__Exercise__:
The data below is to be transcribed word for word; pictures are to be excluded.

Short descriptive text snippets
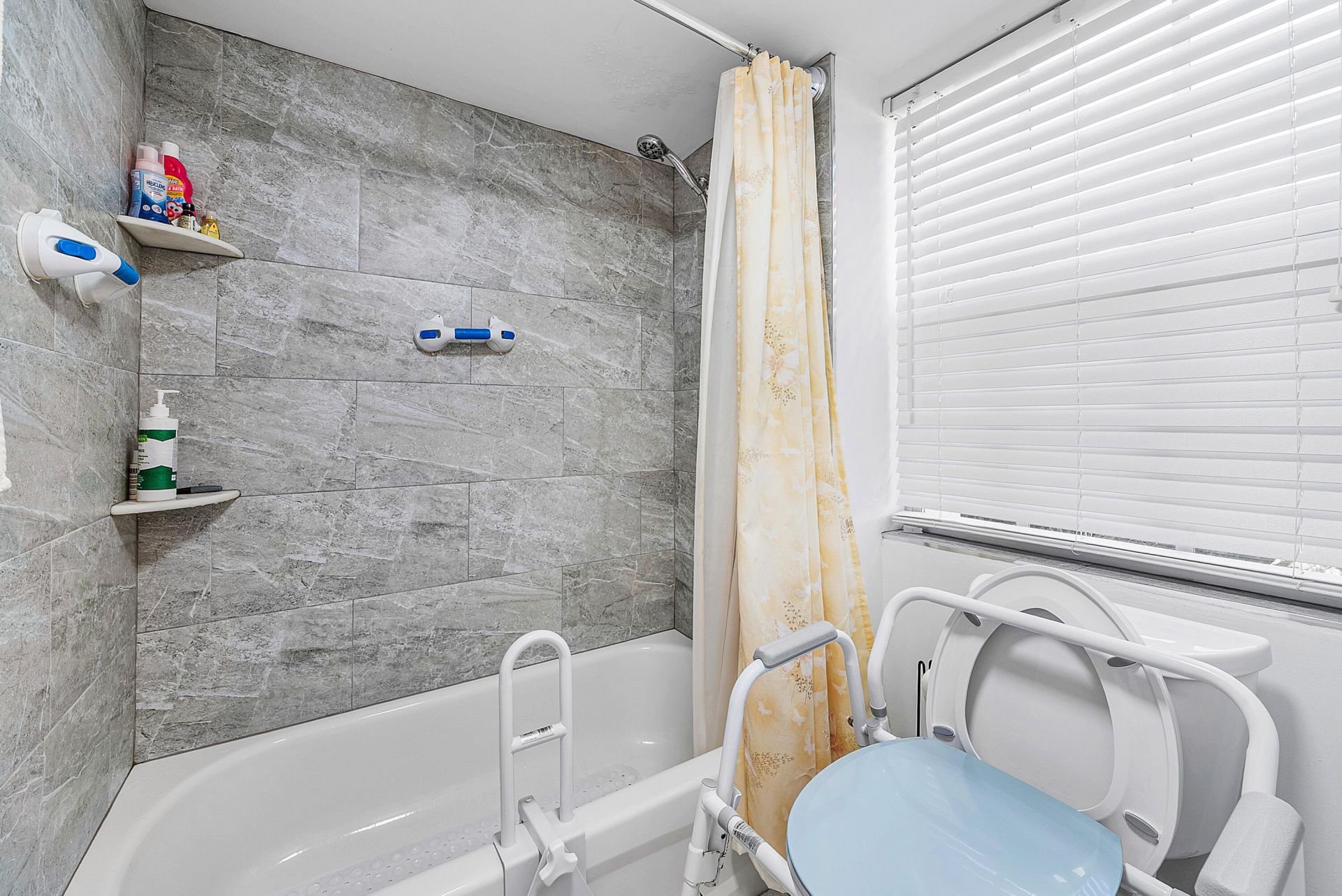 5540 Tamberlane Circle, Unit 221, Palm Beach Gardens, FL 33418 Photo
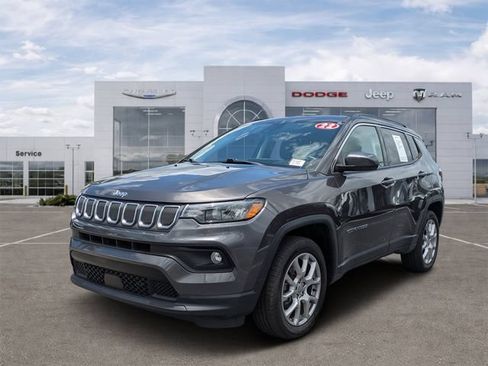 Certified 2022 Jeep Compass Latitude AWD/4WD image 5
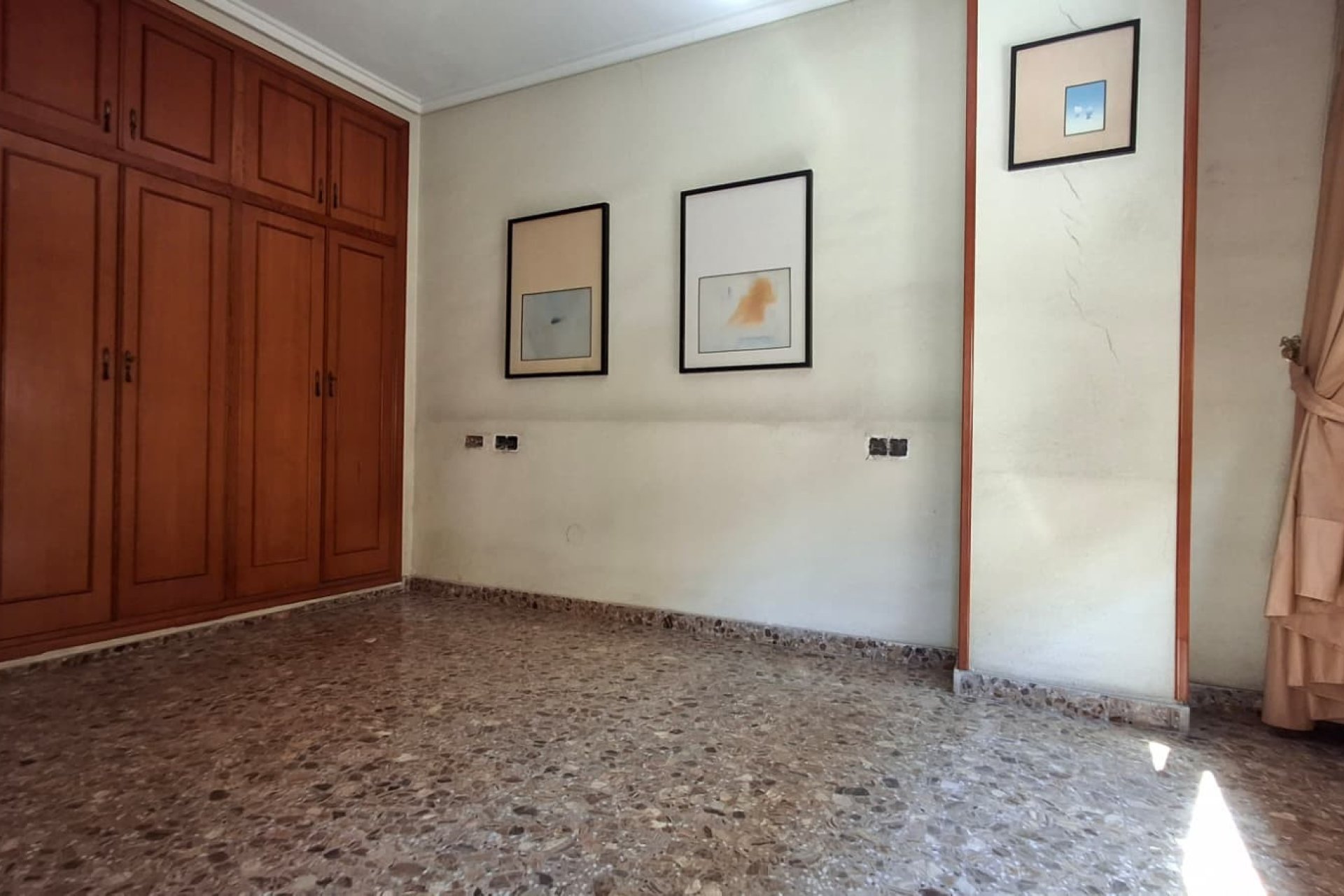 Återförsäljning - Apartament / Duplex -
Orihuela - Zona Centro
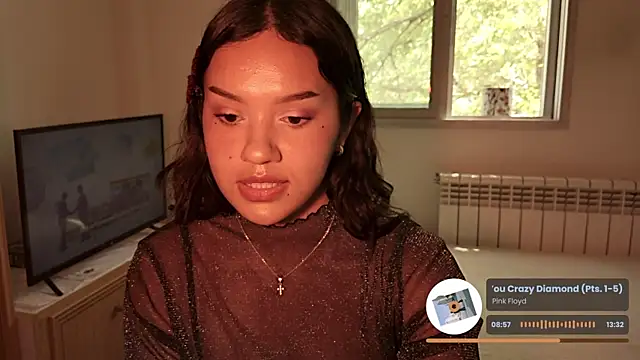 Snapshot of gigifontaine__ chatting on May 24, 2026, 12:10 pm gigifontaine online show from May 24, 2026, 12:10 pm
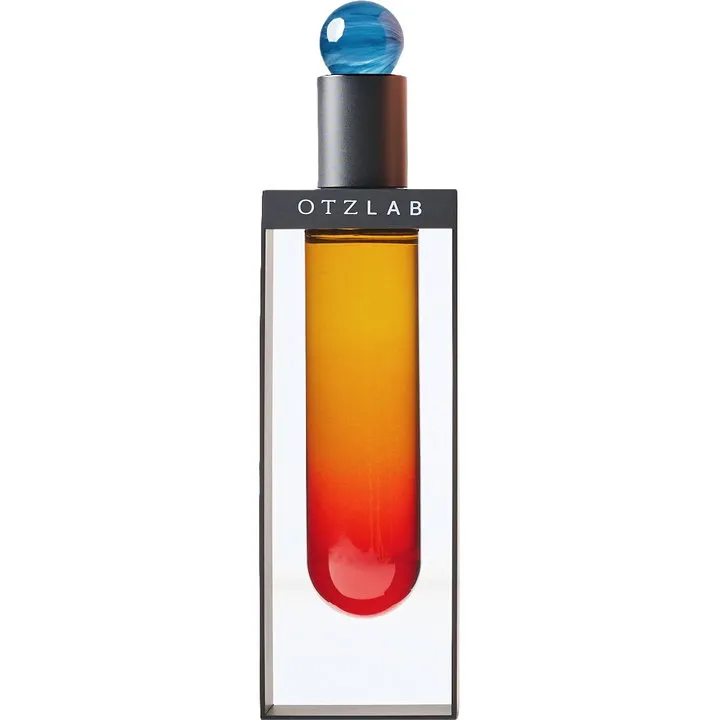 Otz Lab Merina perfume bottle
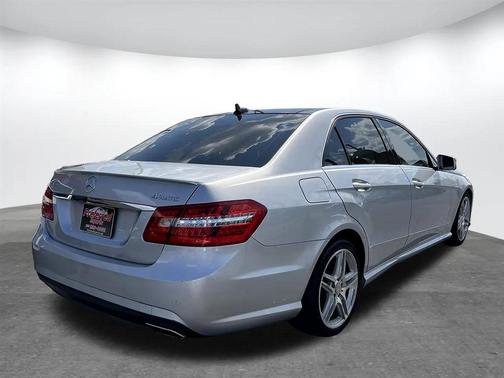 2011 Mercedes-Benz E-Class 4MATIC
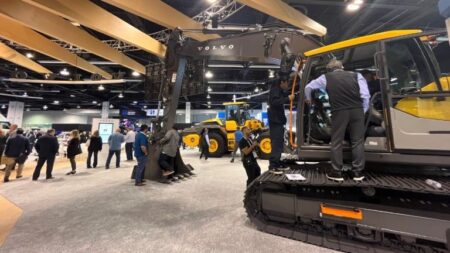 1746218444_60692_en_17ff2_62709_volvo-ec230-electric-excavatorjpg - Machines Wiki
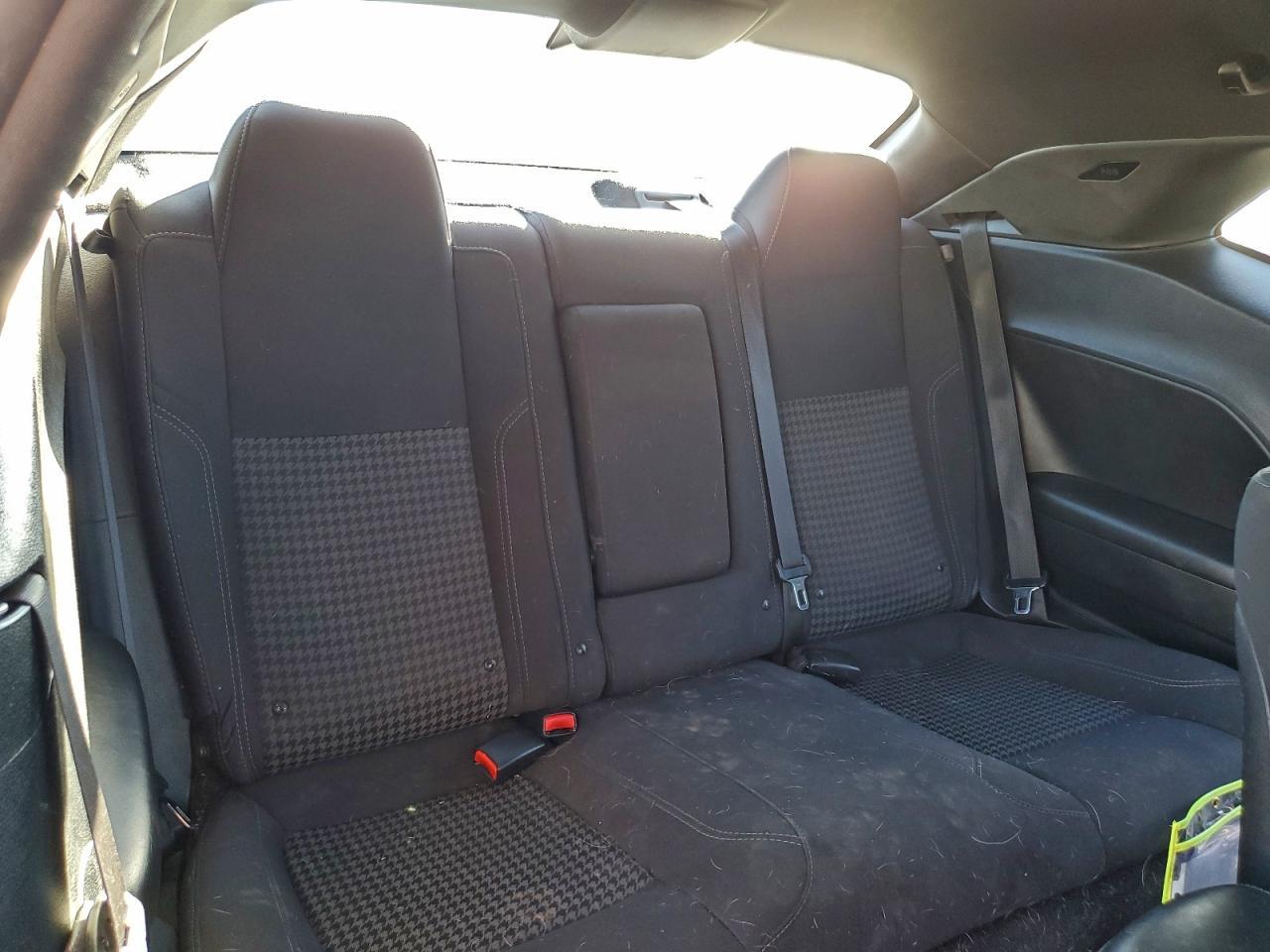 2016 Dodge Challenger Sxt - zdjęcie 10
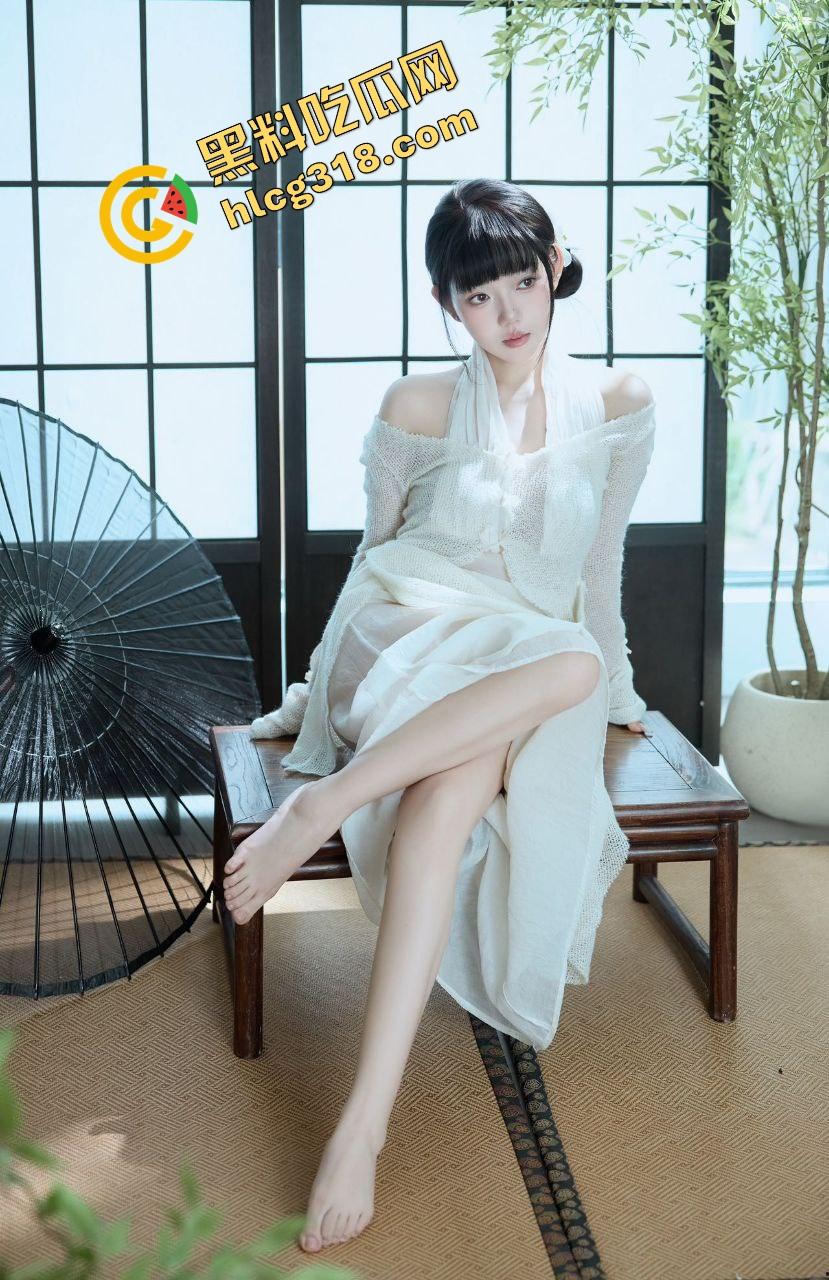 南昌服装店老板娘『孙璐』蜜桃臀母狗桌上被调教，贱样子全出来了，好屁股必须后入爆操才带劲！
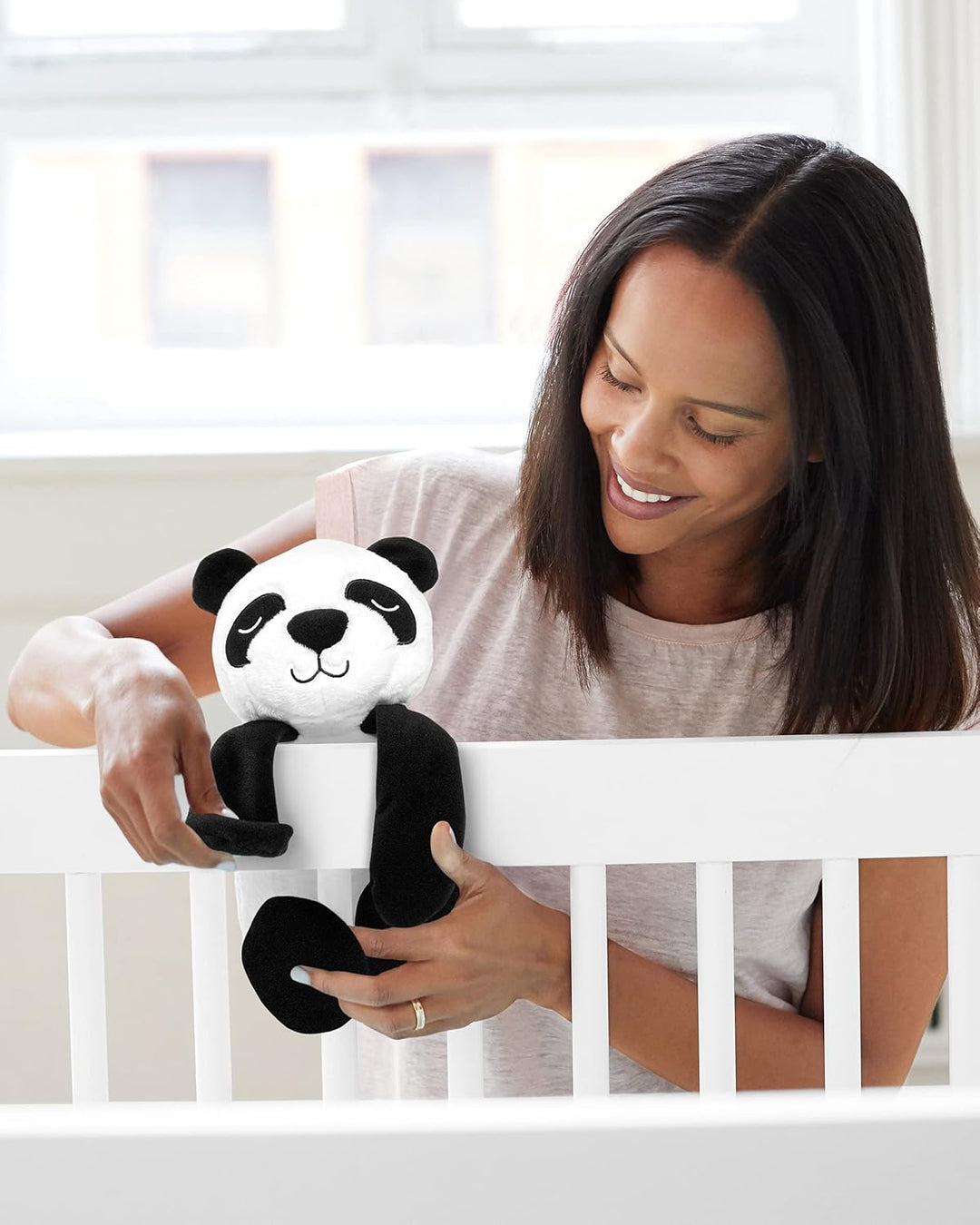 Skip Hop Einschlafhilfe und Babytröster Panda mit Musik- und Aufnahmefunktion, mit Sensor der durch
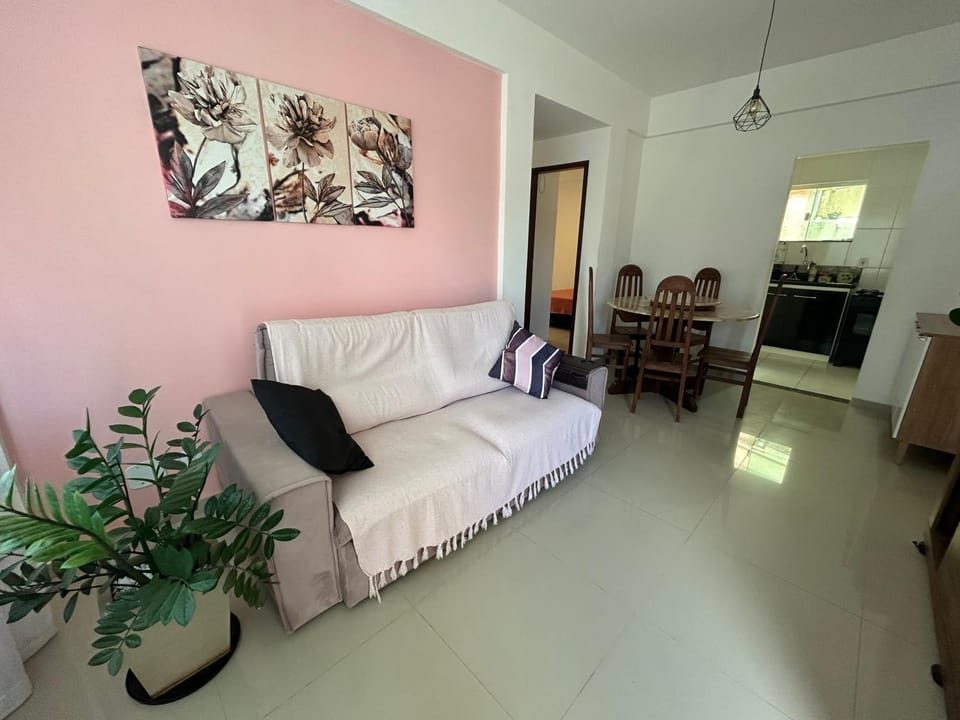 Apartamento térreo 2 hóspedes com churrasqueira, área externa e garagem exclusivas 5 min praia Abricó e 7 min do Centro Apartment in State of Rio de Janeiro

__Response area__:
 5540 Tamberlane Circle, Unit 221, Palm Beach Gardens, FL 33418 Photo
 Certified 2022 Jeep Compass Latitude AWD/4WD image 5
 Återförsäljning - Apartament / Duplex -
Orihuela - Zona Centro
 Snapshot of gigifontaine__ chatting on May 24, 2026, 12:10 pm gigifontaine online show from May 24, 2026, 12:10 pm
 Otz Lab Merina perfume bottle
 2011 Mercedes-Benz E-Class 4MATIC
 1746218444_60692_en_17ff2_62709_volvo-ec230-electric-excavatorjpg - Machines Wiki
 2016 Dodge Challenger Sxt - zdjęcie 10
 南昌服装店老板娘『孙璐』蜜桃臀母狗桌上被调教，贱样子全出来了，好屁股必须后入爆操才带劲！
 Skip Hop Einschlafhilfe und Babytröster Panda mit Musik- und Aufnahmefunktion, mit Sensor der durch
 Apartamento térreo 2 hóspedes com churrasqueira, área externa e garagem exclusivas 5 min praia Abricó e 7 min do Centro Apartment in State of Rio de Janeiro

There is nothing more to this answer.